(Stored records)
=== Begin Enclosure ===
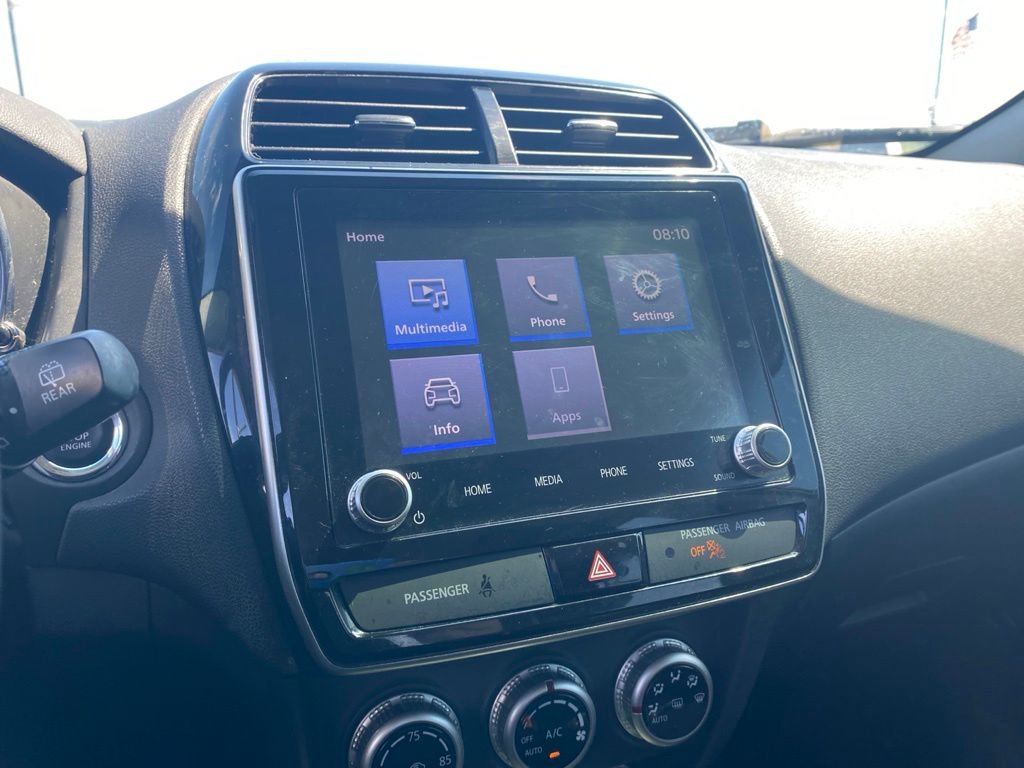 Used 2020 Mitsubishi Outlander Sport AWD image 11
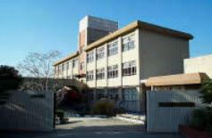 塩屋北小学校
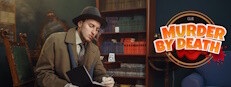 Clue: Murder By Death
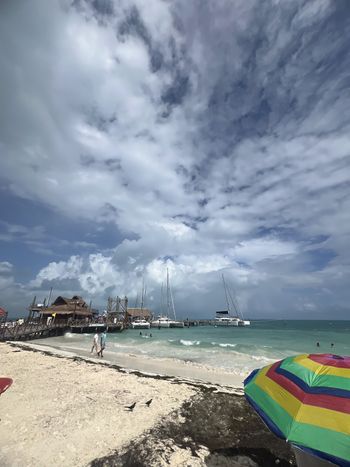 Cancun Riviera Maya - Travel destination photo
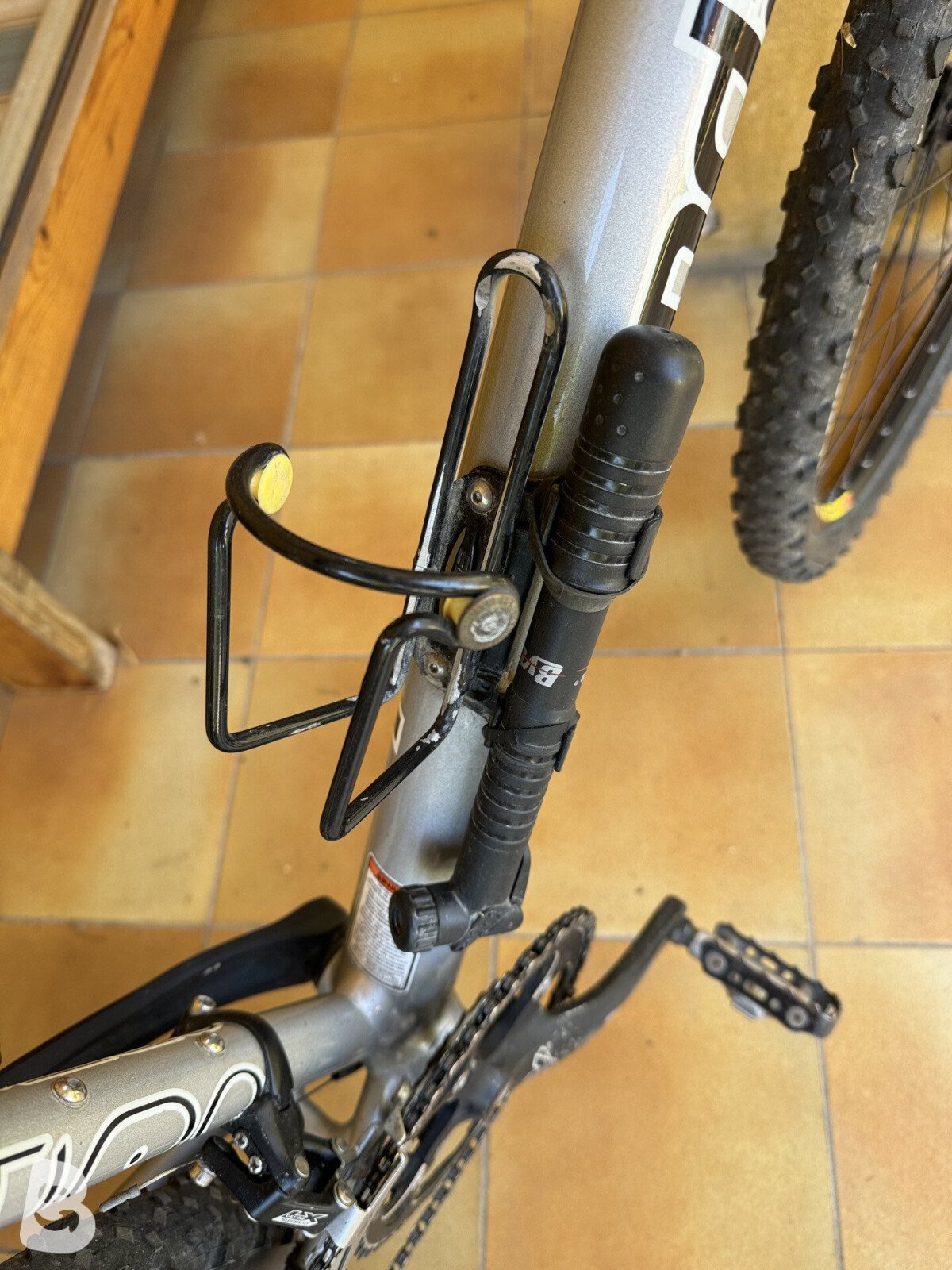 Cannondale optimo 2003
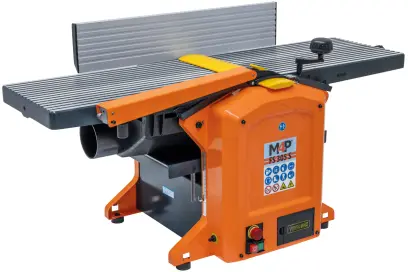 Hobľovka s prieťahom  FS 305 S / 230 V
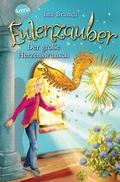Eulenzauber - Der große Herzenswunsch von Ina Brandt | Buch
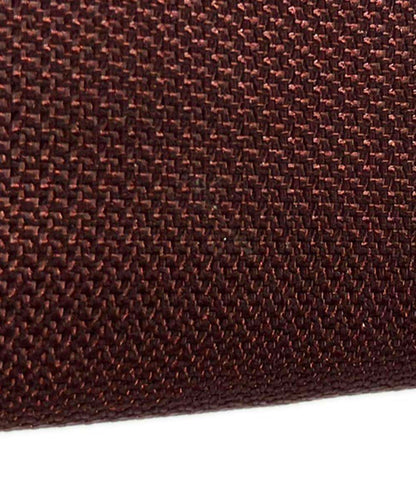 美品 モンベル 二つ折り財布 メンズ mont-bell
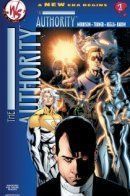 The Authority (Vol 2) / Авторитеты том 2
=== End Enclosure ===
Your reply must reproduce all of the entries exactly and contain no pictures.

 Used 2020 Mitsubishi Outlander Sport AWD image 11
 塩屋北小学校
 Clue: Murder By Death
 Cancun Riviera Maya - Travel destination photo
 Cannondale optimo 2003
 Hobľovka s prieťahom  FS 305 S / 230 V
Eulenzauber - Der große Herzenswunsch von Ina Brandt | Buch
 美品 モンベル 二つ折り財布 メンズ mont-bell
 The Authority (Vol 2) / Авторитеты том 2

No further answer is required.